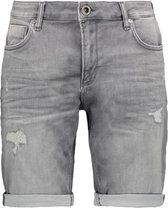 Cars Jeans Short Orlando Damaged - Jongens - Grey Used - (maat: L)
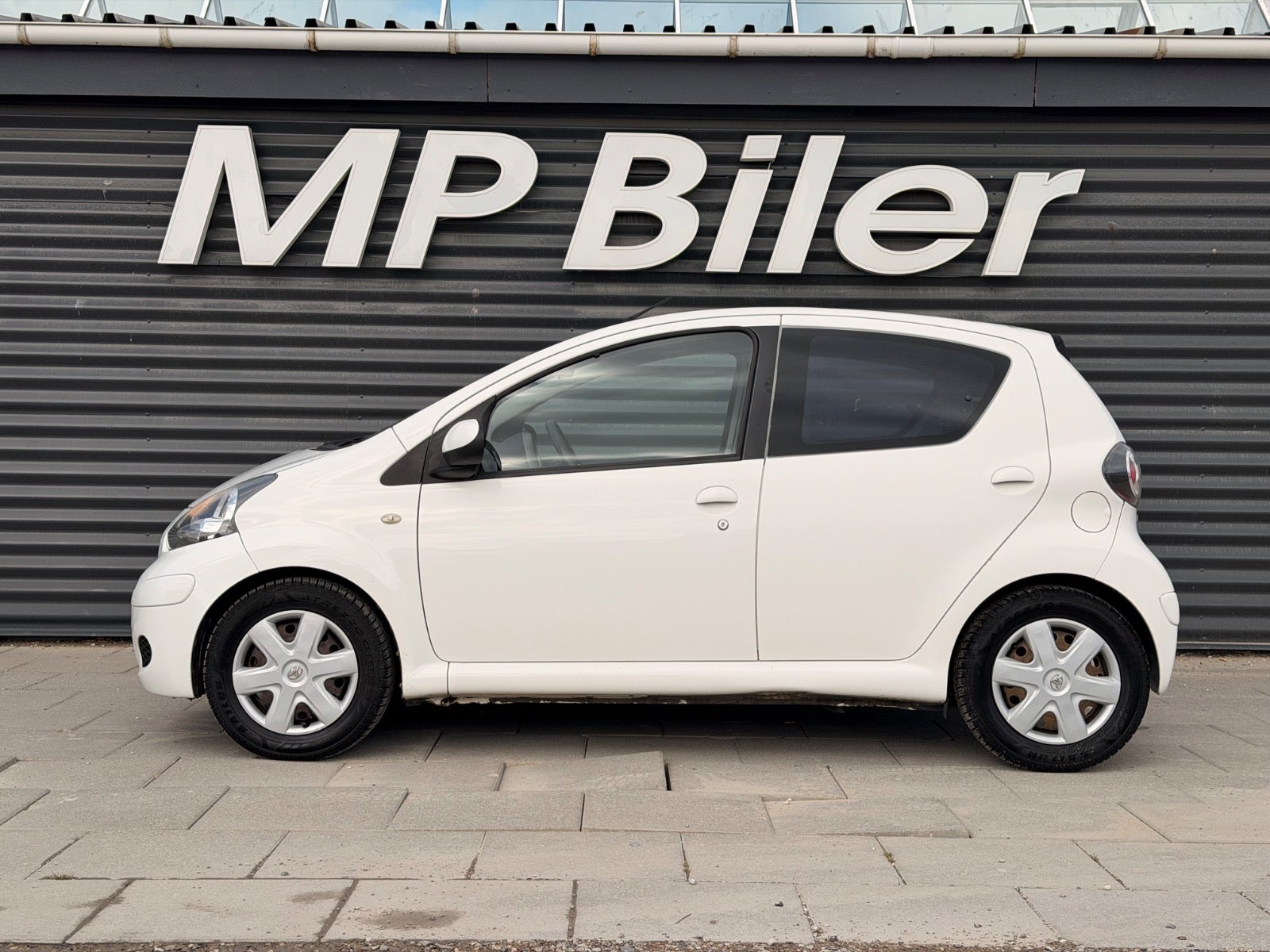 Billede af Toyota Aygo 1,0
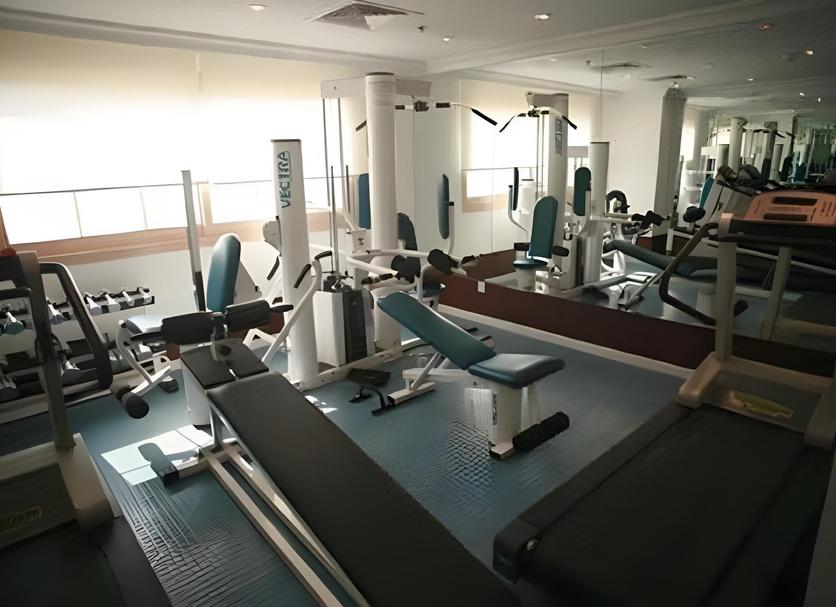 Palestra Foto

- Task: Go through the listing above and retype each line exactly, apart from the pictures.

- Your solution:
 Cars Jeans Short Orlando Damaged - Jongens - Grey Used - (maat: L)
 Billede af Toyota Aygo 1,0
 Palestra Foto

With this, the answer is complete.